--- WORK ITEM ---
Quote exactly, and only, the lines from the one containing "a view of a backyard with wooden fence" through the end of the material below. Skip pictures.

--- DATASET ENTRIES ---

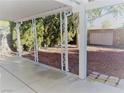View of the backyard from the covered patio, with a privacy wall and minimal landscaping at 8512 Manalang Rd, Las Vegas, NV 89123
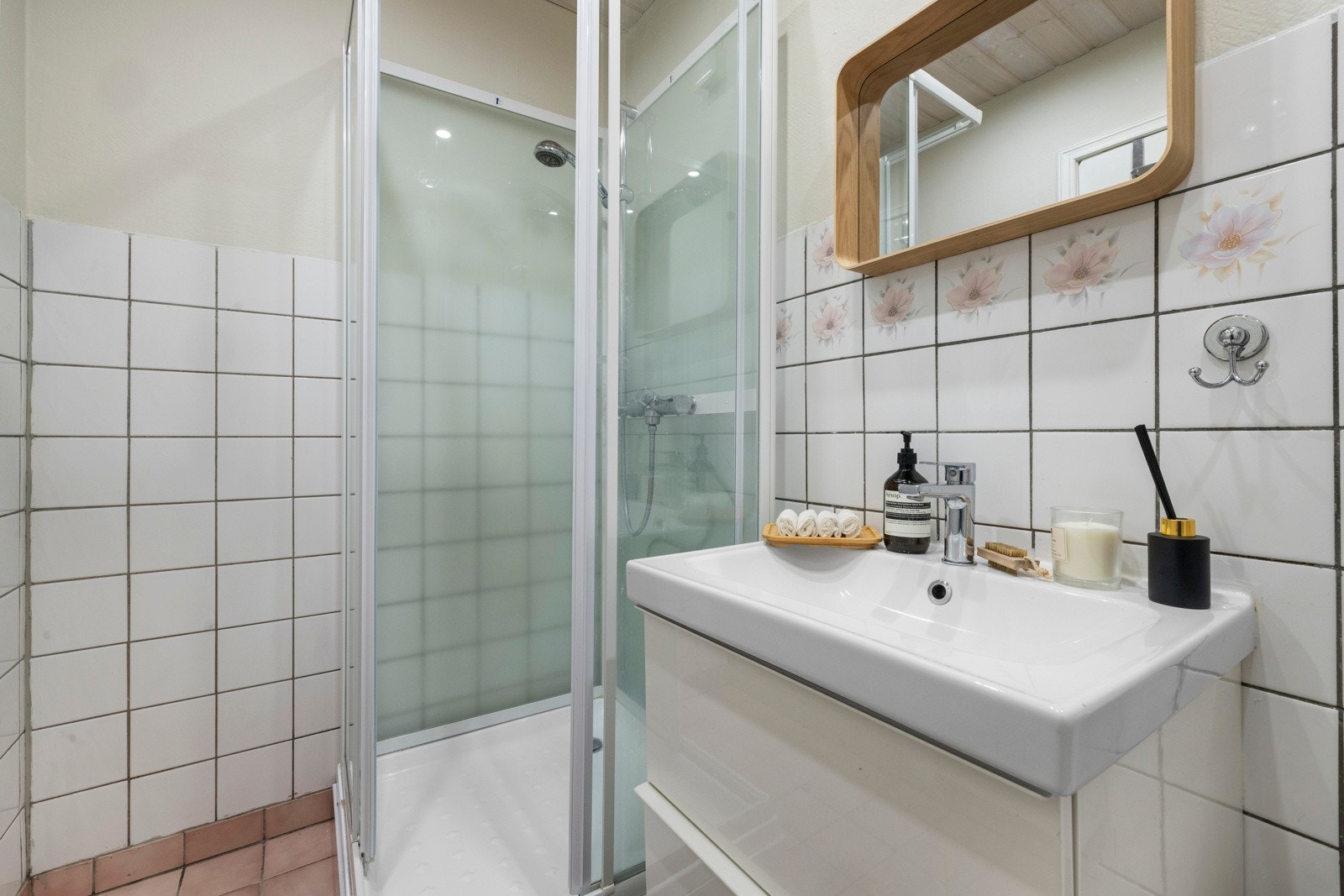 Badet har en praktisk veggehengt servant med oppbevaringsmuligeter Galleribilde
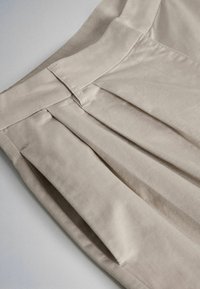 Tessuto beige plissettato con vita e passante per cintura, mostrando cuciture dettagliate e la texture del capo.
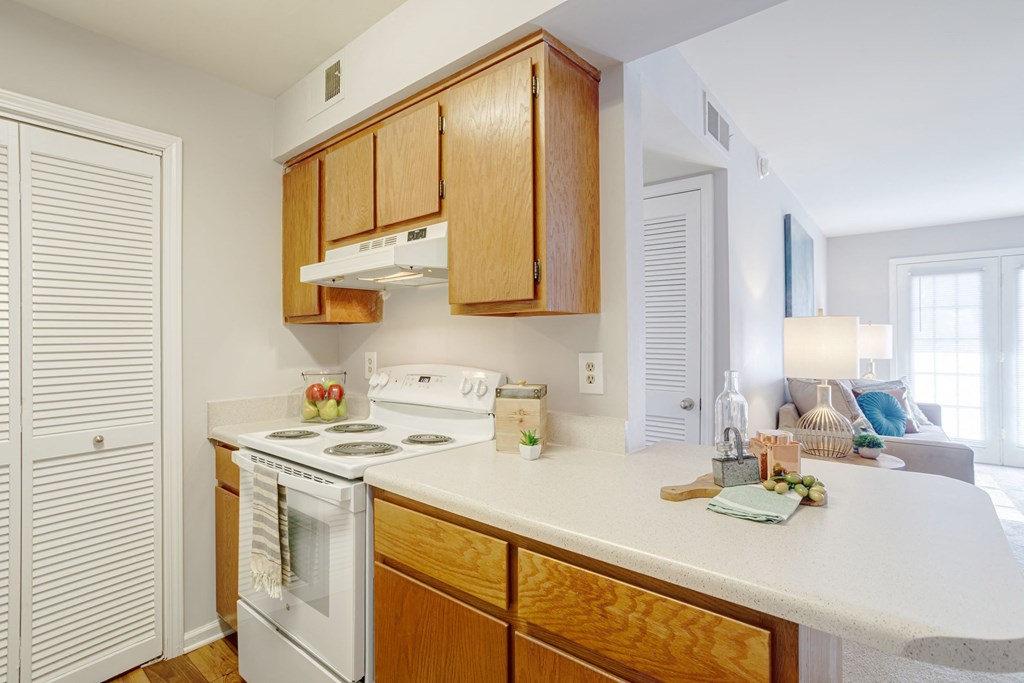 kitchen with white appliances and white countertops with light cabinetry
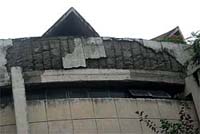 Cement coming off the walls of Guru Nanak District Library in Jalandhar. 
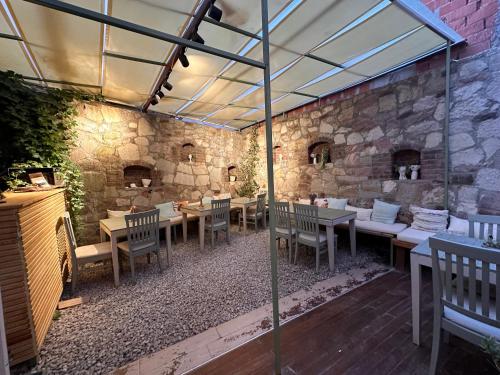 a patio with tables and chairs and a stone wall at Hanole Guest House in Ayvalık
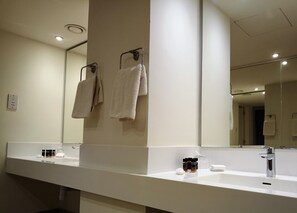A modern bathroom with a large mirror, two towel racks, a white countertop, and a sink. - Venus Beach Hotel (Paphos)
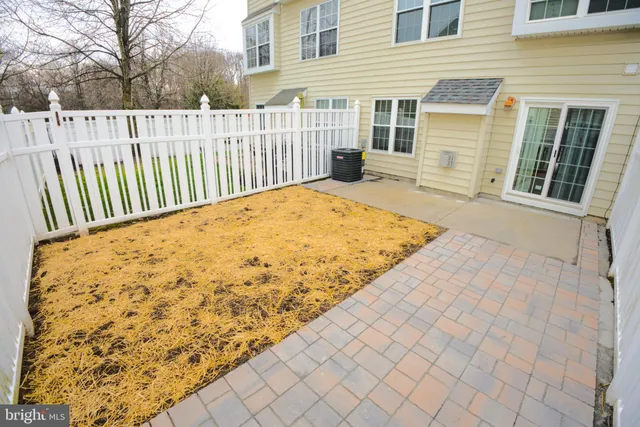 a view of a backyard with wooden fence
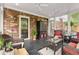 Covered porch featuring multiple ceiling fans and an arrangement of seating at 1328 Wyntercreek Rd, Atlanta, GA 30338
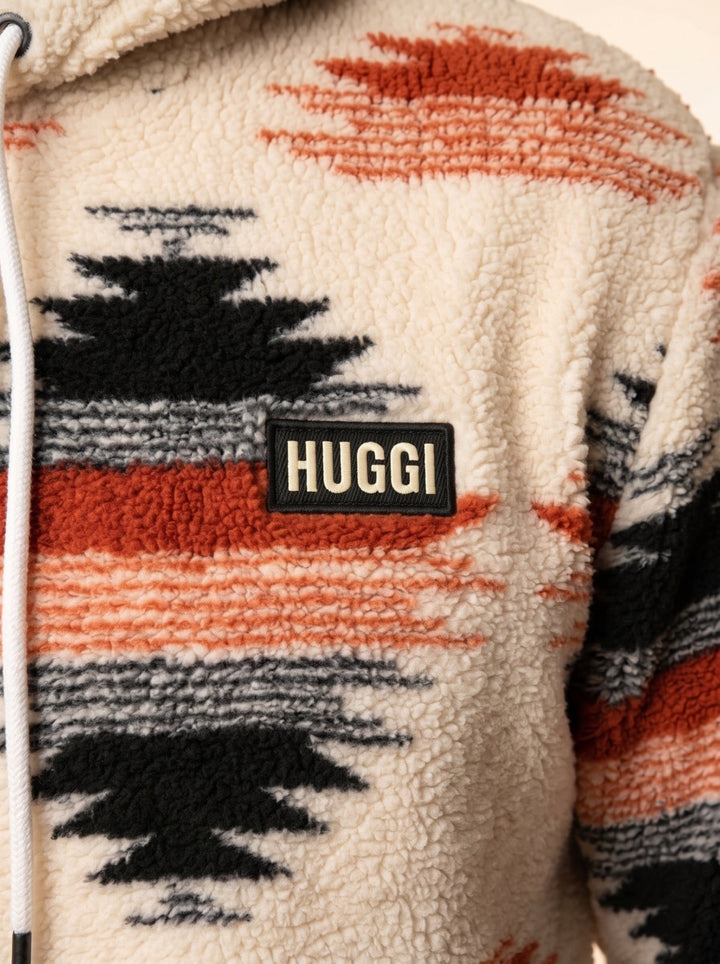 Close-up of the sherpa fleece fabric and HUGGI logo patch – White &amp; Orange Aztec print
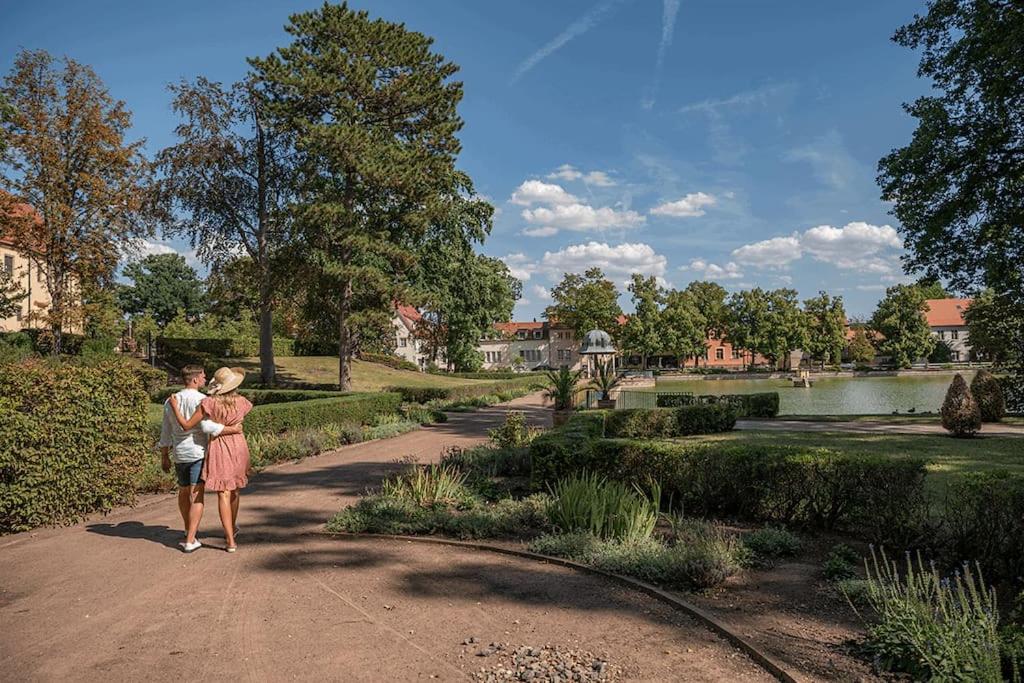 a man and a woman standing on a path in a park at Traumhafte Auszeit in Bad Lauchstädt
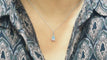 Collier Collier solitaire en or blanc 18 kt et topaze bleue 58 Facettes CLAL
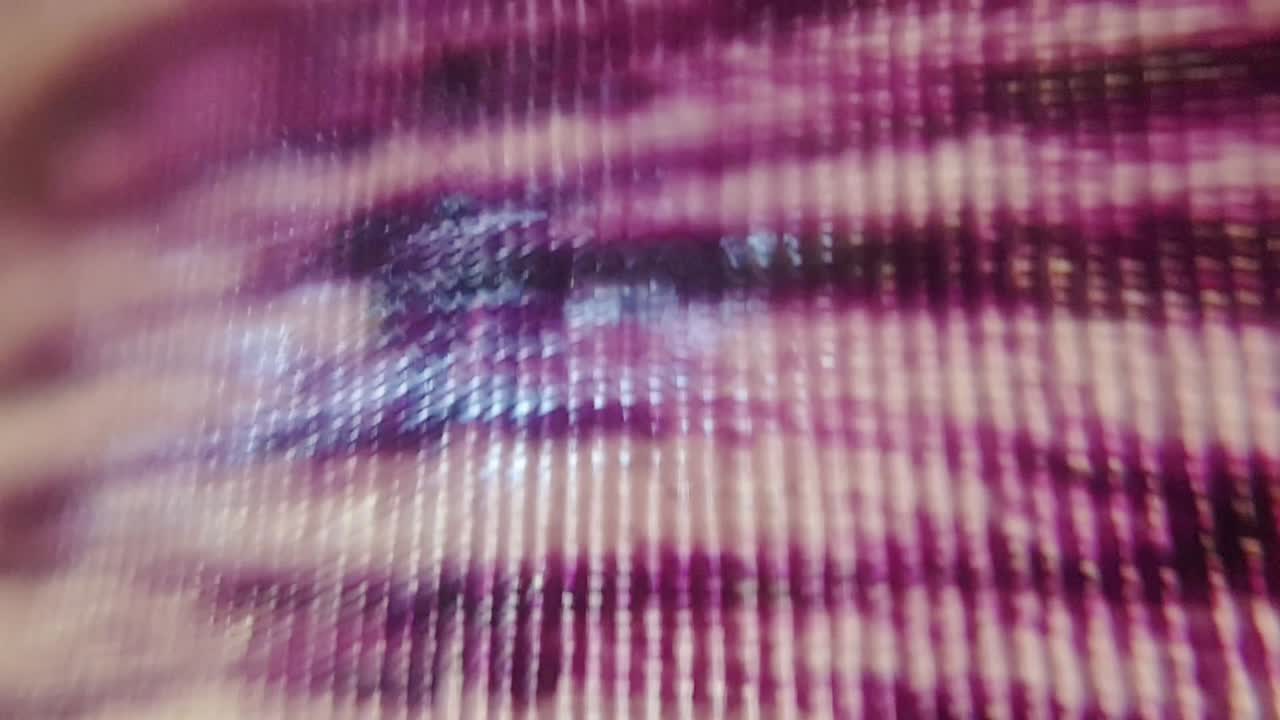 fascinante resumen surrealista de ensueño de tela de fibra tejida que fluye de fondo con impresionantes colores pastel suaves moviéndose y mezclándose en cámara lenta de paralaje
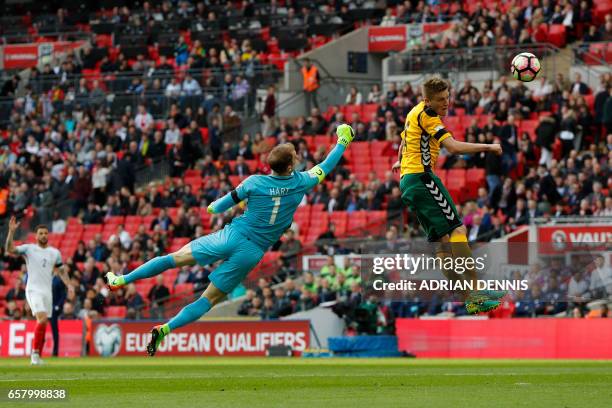 England's goalkeeper Joe Hart vies for the ball with Lithuania's midfielder Vykintas Slivka during the World Cup 2018 qualification football match...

--- REPLY TO THE EXERCISE ---
 a view of a backyard with wooden fence
 Covered porch featuring multiple ceiling fans and an arrangement of seating at 1328 Wyntercreek Rd, Atlanta, GA 30338
 Close-up of the sherpa fleece fabric and HUGGI logo patch – White &amp; Orange Aztec print
 a man and a woman standing on a path in a park at Traumhafte Auszeit in Bad Lauchstädt
 Collier Collier solitaire en or blanc 18 kt et topaze bleue 58 Facettes CLAL
 fascinante resumen surrealista de ensueño de tela de fibra tejida que fluye de fondo con impresionantes colores pastel suaves moviéndose y mezclándose en cámara lenta de paralaje
 England's goalkeeper Joe Hart vies for the ball with Lithuania's midfielder Vykintas Slivka during the World Cup 2018 qualification football match...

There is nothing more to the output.